▶ **Activity**: Omit the pictures from the entries below and retype everything else exactly.
-----
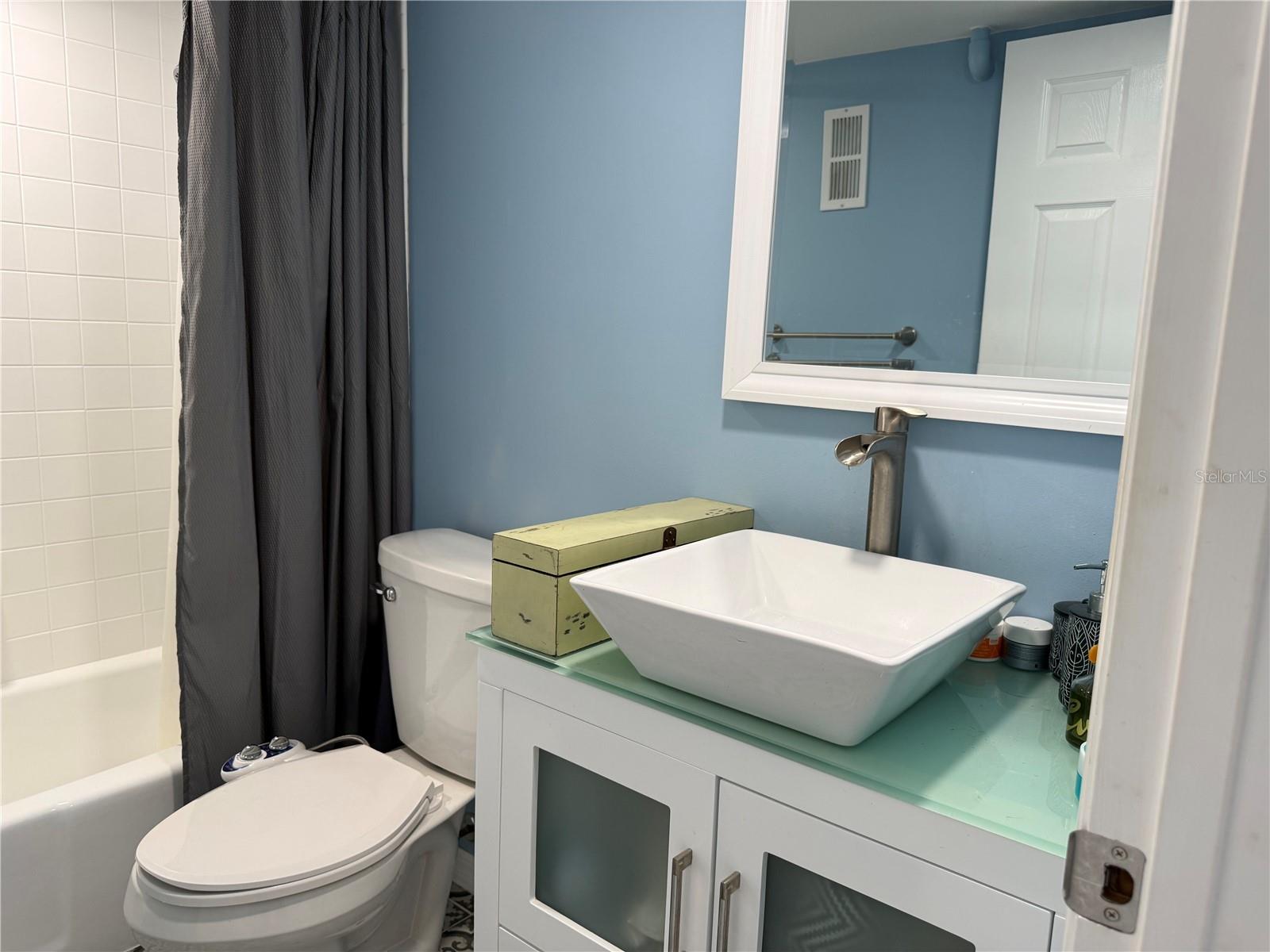 255 DOLPHIN PT #305, CLEARWATER BEACH, FL, 33767
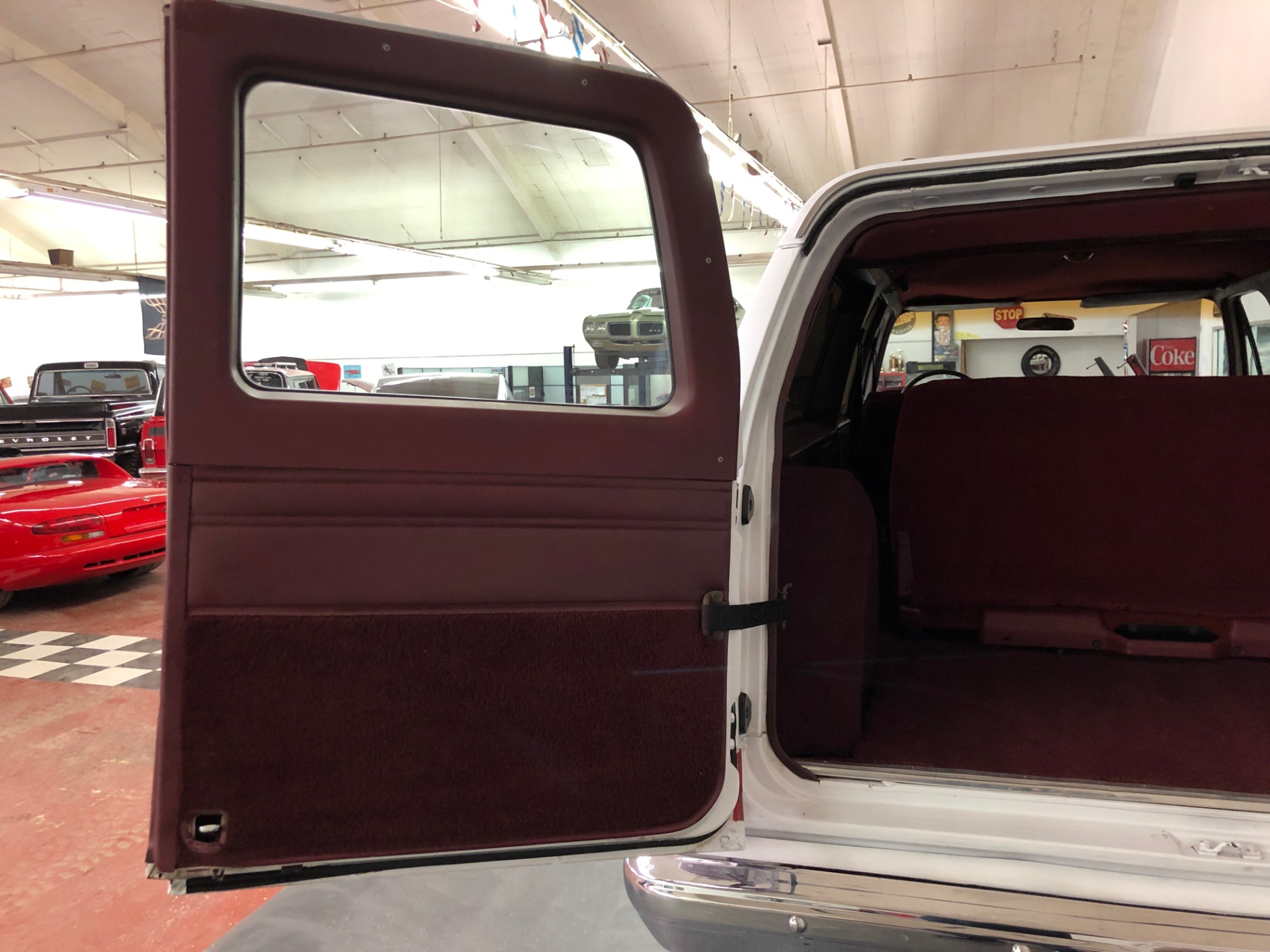 Used 1988 Chevrolet Suburban -Silverado Package-Air conditioning-4X4-3rd Row- VIDEO | Mundelein, IL
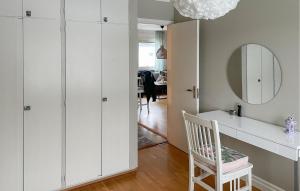 厄勒布鲁Beautiful Home In rebro With Kitchen的一间设有白色书桌和镜子的客房
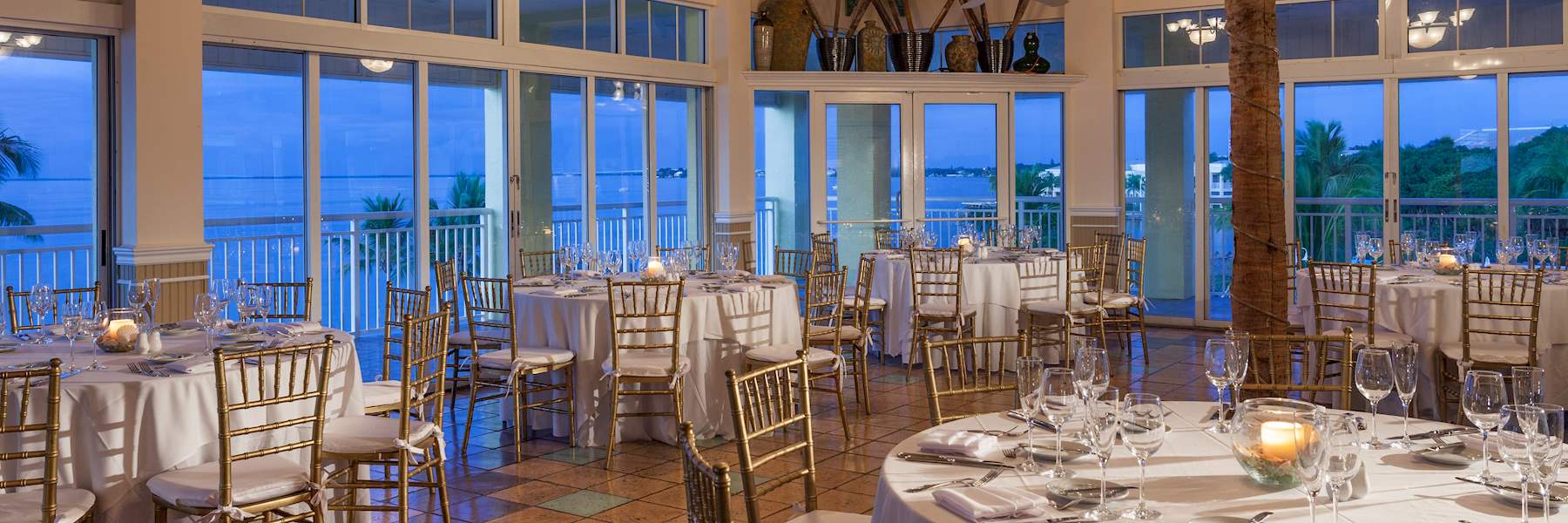 Key Largo Restaurants Waterfront | Key Largo Bay Marriott Beach Resort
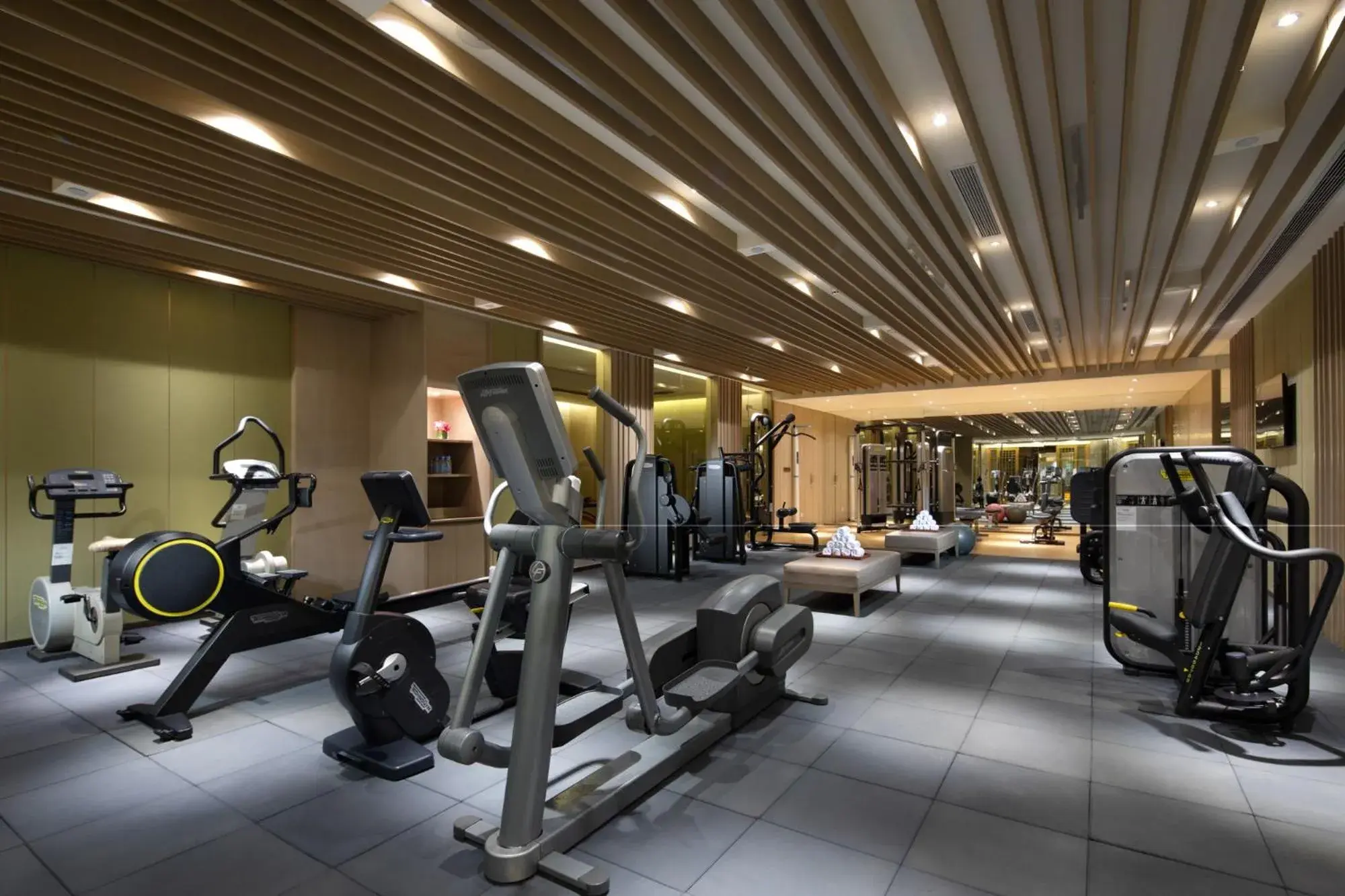 Fitness centre/facilities in Crowne Plaza Shanghai Nanjing Road by IHG Fitness centre/facilities in Crowne Plaza Shanghai Nanjing Road by IHG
-----
▶ **Exercise solution**:
 255 DOLPHIN PT #305, CLEARWATER BEACH, FL, 33767
 Used 1988 Chevrolet Suburban -Silverado Package-Air conditioning-4X4-3rd Row- VIDEO | Mundelein, IL
 厄勒布鲁Beautiful Home In rebro With Kitchen的一间设有白色书桌和镜子的客房
 Key Largo Restaurants Waterfront | Key Largo Bay Marriott Beach Resort
 Fitness centre/facilities in Crowne Plaza Shanghai Nanjing Road by IHG Fitness centre/facilities in Crowne Plaza Shanghai Nanjing Road by IHG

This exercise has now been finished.